Axo-glial relations in the ventral funiculus of the spinal cord (SC) and in the corpus callosum (CC) of the cat were examined by electron microscopy during initial myelination. In addition to random transverse and longitudinal sections from several stages, two series of sections were studied. As a first step in myelination the axons become ensheathed by one to three uncompacted glial lamellae (E-sheaths). E-sheaths present a length range from less than 5 microns to 149 microns (SC) or to 93 microns (CC). E-sheaths are more frequent along SC-axons than CC-axons, and the mean E-sheath is 3.3-fold longer in the former compared to the latter. In both areas naked axon portions occur between successive E-sheaths, but these gaps are insufficient to allow elongation of all short E-sheaths into long ones. Sheaths composed of mixed compacted (M-sheaths) and uncompacted segments have a length range of 66-212 microns in the SC and 66-171 microns in the CC. In relation to the undifferentiated terminations of E-sheaths or mixed E/M-sheaths, undercoated axolemmal domains are always lacking. Fully compacted sheaths were not found in the series from the SC. In the CC, 141-212 microns long compact sheaths were found, with tight axoglial junctions at their terminations. Axolemmal domains with a 'nodal' undercoating occur in relation to some of these terminations. In both areas, individual developing axons present a chaotic mixture of naked, ensheathed and myelinated portions; bulges with clusters of vesiculotubular profiles are frequent along naked and ensheathed axonal portions, particularly in the SC. The axon diameter is clearly larger in myelinated than in naked portions of the same axon. On the basis of these results, we propose that the early glial sheaths of developing CNS axons actively elongate and undergo extensive remodelling before compaction. The maximal length of uncompacted E-sheaths, and the sheath length at which axoglial junctions and nodes of Ranvier form, are markedly different in the two areas.

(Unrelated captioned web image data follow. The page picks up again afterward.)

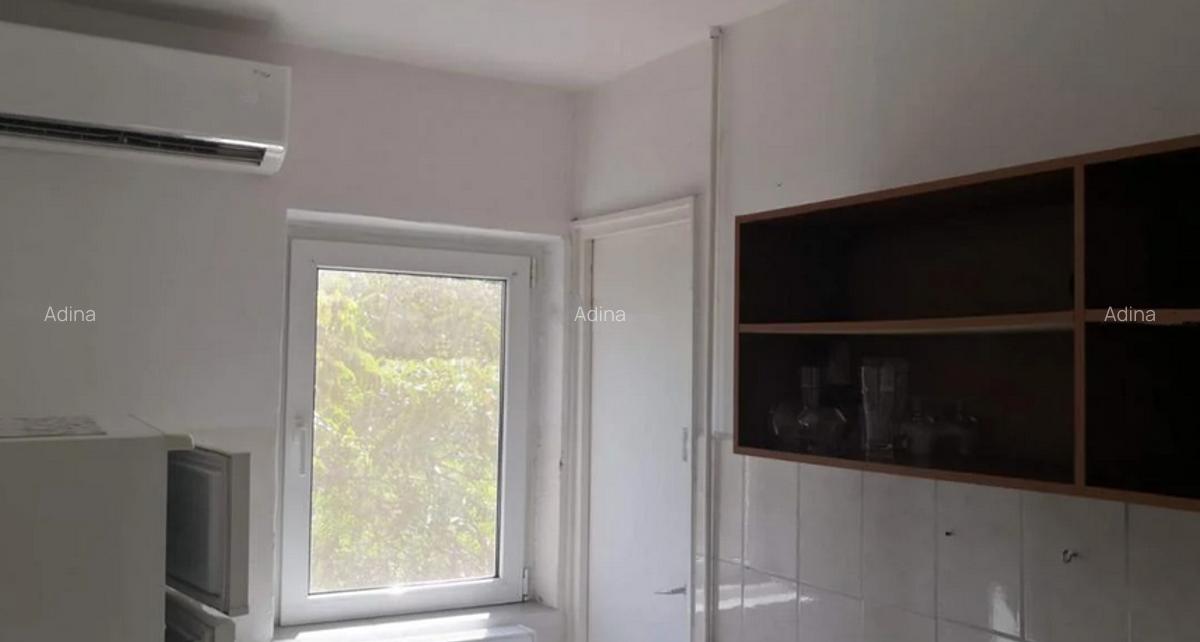 Vitan Mall,Decomandat, Bloc 1992, Reabilitat,Mobilata complet,Utilata1 - 5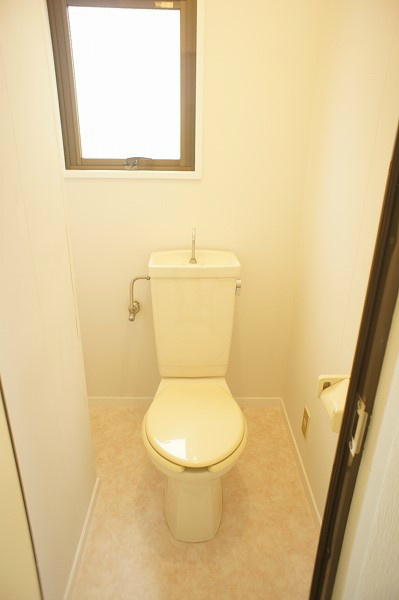 ニューパレス中葛西 トイレにはうれしい窓付き。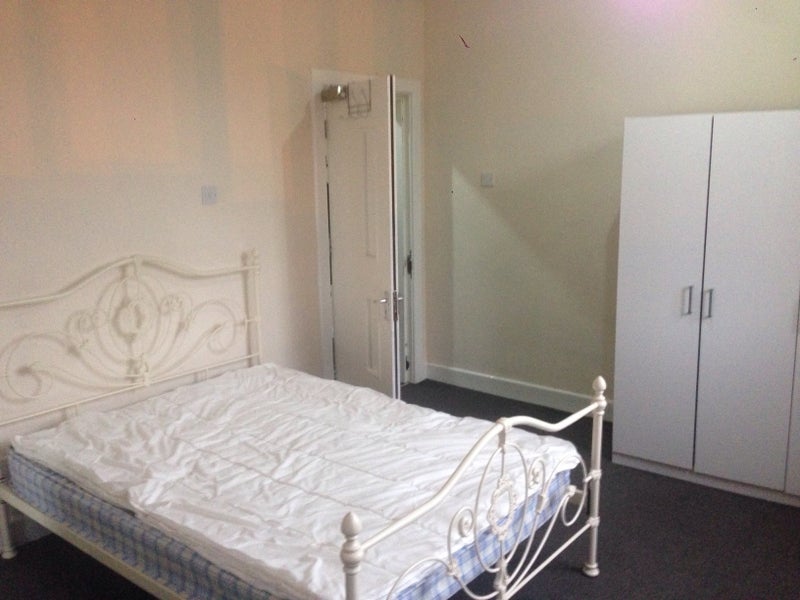 Room St Helen's Road in Royal Leamington Spa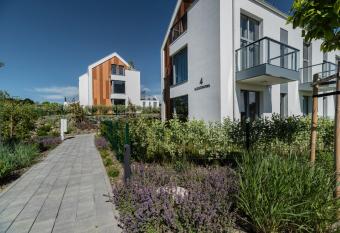 Porto Mare BlueApart Mechelinki allows 18 year olds to book a room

在髓鞘形成初期,通过电子显微镜对猫脊髓腹侧索和胼胝体中的轴突 - 神经胶质关系进行了研究。除了来自几个阶段的随机横切片和纵切片外,还研究了两个系列的切片。作为髓鞘形成的第一步,轴突被一到三个未紧密包裹的神经胶质薄片(E 型鞘)所包裹。E 型鞘的长度范围从小于 5 微米到 149 微米(脊髓)或到 93 微米(胼胝体)。E 型鞘在脊髓轴突上比胼胝体轴突上更常见,并且前者的平均 E 型鞘长度比后者长 3.3 倍。在这两个区域中,连续的 E 型鞘之间都存在裸露的轴突部分,但这些间隙不足以使所有短的 E 型鞘延伸成长的 E 型鞘。由混合紧密(M 型鞘)和未紧密部分组成的鞘在脊髓中的长度范围为 66 - 212 微米,在胼胝体中的长度范围为 66 - 171 微米。相对于 E 型鞘或混合 E/M 型鞘的未分化末端,总是缺乏包被不足的轴膜区域。在脊髓的切片系列中未发现完全紧密包裹的鞘。在胼胝体中,发现了长度为 141 - 212 微米的紧密鞘,其末端有紧密的轴突 - 神经胶质连接。与其中一些末端相关的轴膜区域出现“节点”样的包被不足。在这两个区域中,单个发育中的轴突呈现出裸露、被包裹和髓鞘化部分的混乱混合;沿着裸露和被包裹的轴突部分经常出现带有囊泡管状轮廓簇的凸起,特别是在脊髓中。同一轴突的髓鞘化部分的轴突直径明显大于裸露部分。基于这些结果,我们提出发育中的中枢神经系统轴突的早期神经胶质鞘在紧密包裹之前会积极伸长并经历广泛的重塑。未紧密包裹的 E 型鞘的最大长度以及形成轴突 - 神经胶质连接和郎飞结的鞘长度在这两个区域中明显不同。